IVOOX.ID – Pemerintah mengkaji pemanfaatan Compressed Natural Gas (CNG) sebagai salah satu strategi untuk menekan ketergantungan Indonesia terhadap impor Liquefied Petroleum Gas (LPG), yang selama ini masih mendominasi pemenuhan kebutuhan domestik. Langkah ini dinilai menjadi bagian dari upaya memperkuat kemandirian energi nasional di tengah tingginya beban impor yang mencapai sekitar 7 juta ton per tahun.

Menteri Energi dan Sumber Daya Mineral (ESDM) Bahlil Lahadalia mengatakan, dari total konsumsi LPG nasional sebesar 8,6 juta ton per tahun, produksi domestik baru mampu memenuhi sekitar 1,6 hingga 1,7 juta ton. Kondisi itu membuat Indonesia masih sangat bergantung pada pasokan dari luar negeri.

“Selebihnya kita impor kurang lebih sekitar 7 juta ton,” ujar Bahlil usai rapat terbatas bersama Presiden Prabowo Subianto di Istana Kepresidenan, Jakarta, Senin (27/4/2026).

Menurut Bahlil, salah satu kendala utama peningkatan produksi LPG dalam negeri adalah keterbatasan bahan baku komponen C3 dan C4. Karena itu, pemerintah mulai melirik pemanfaatan CNG yang berbasis komponen gas C1 dan C2 atau metana dan etana, yang dinilai tersedia melimpah di Indonesia.

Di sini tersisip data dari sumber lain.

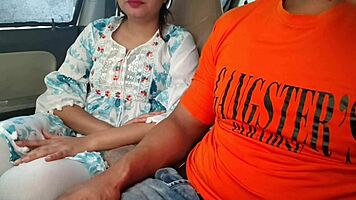 Cute Desi Saara Bhabhi Takes Huge Dick in Risky Outdoor Car Fuck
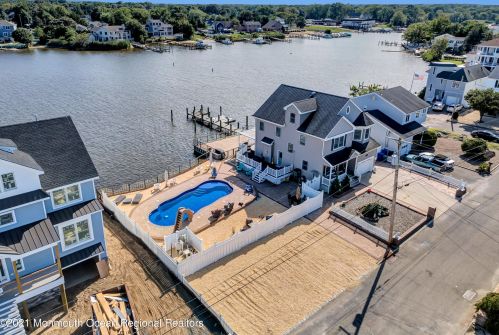 55 Bay Way, Bricktown, NJ 08723-7348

Pemanfaatan CNG dipandang potensial karena seluruh proses produksinya bertumpu pada sumber daya domestik, sehingga dapat mengurangi ketergantungan impor energi. Saat ini, pemanfaatan CNG sudah mulai diterapkan secara terbatas, terutama di sektor komersial seperti hotel dan restoran, dengan dukungan badan usaha niaga serta jaringan Stasiun Pengisian Bahan Bakar Gas (SPBG).

“Kalau CNG itu adalah dari gas, tapi dia dari gas cair C1, C2. Dan itu industri di dalam negeri kita banyak, tetapi dia memakai satu alat yang kemudian bisa ditekan sampai dengan 250 sampai 400 bar, tekanannya. Sehingga pemakaiannya itu bisa baik. Sekali lagi ini masih dalam tahap konsolidasi agar kita bisa mencapai hasil yang lebih baik,” tegas Bahlil.

Kajian terhadap CNG dilakukan di tengah sorotan atas ketahanan energi nasional, terutama setelah harga LPG nonsubsidi mengalami kenaikan pada April 2026. Pemerintah menilai diversifikasi sumber energi rumah tangga dan komersial menjadi langkah penting untuk mengurangi tekanan fiskal akibat impor sekaligus memperkuat pasokan domestik.

Selain opsi CNG, pemerintah juga terus mematangkan proyek hilirisasi batu bara menjadi Dimethyl Ether (DME) sebagai substitusi LPG. Meski proyek tersebut masih dalam tahap awal, pemerintah menyebut kolaborasi dengan berbagai pihak, termasuk kalangan akademik dan industri, terus diperkuat.